Submitted to: Meeting Abstract
Publication Type: Abstract Only
Publication Acceptance Date: May 26, 2009
Publication Date: N/A
Technical Abstract: Effects of invasive saltcedars (Tamarix spp.) on bird populations and communities have received considerable interest, but impacts on other vertebrate taxa have received less attention. Moreover, only one published study examined effects on vertebrates of biological control efforts directed at saltcedar, and that focused on birds. I discuss an 8-year data set from two saltcedar-invaded sites in western Nevada and one site in eastern California that allows paired comparisons of small mammal abundances and species composition in saltcedar-invaded versus native riparian vegetation. Saltcedar dominated riparian systems tended to harbor fewer individuals of rodent species often associated with native riparian habitats, such as voles and harvest mice, and instead had a greater representation of arid desert-adapted taxa, such as heteromyid rodent species.
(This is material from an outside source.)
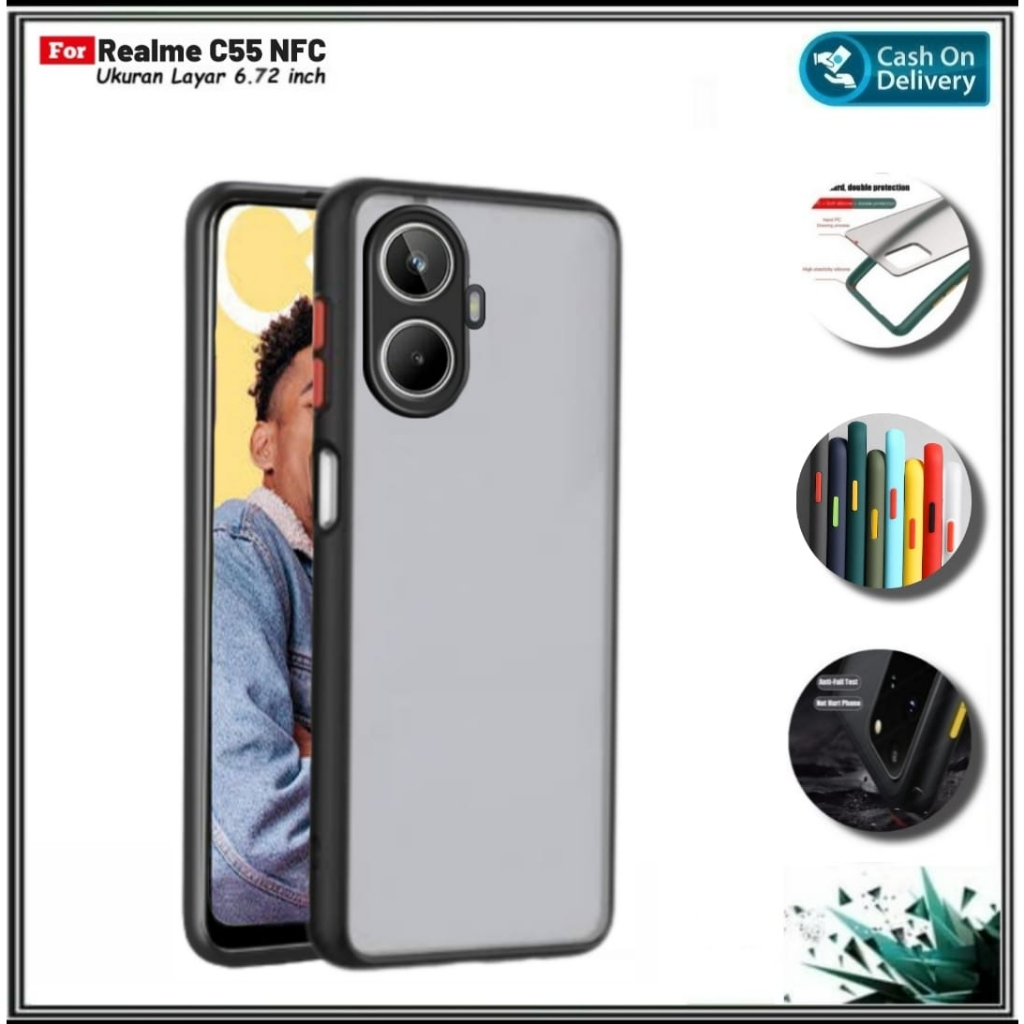 CASE Realme C55 NFC Soft Hard Casing And Cover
Only one rarely-captured species, the montane vole (Microtus montanus), has been found exclusively in native riparian habitats and never in saltcedar; there are no counterexamples of species trapped exclusively in saltcedar. Biological control by the saltcedar leaf beetle (Diorhabda elongata) has apparently had little effect on small mammals. To date, comparisons of trapping data before and after beetle introduction have revealed only minor differences that are likely explained by annual variation in abundance.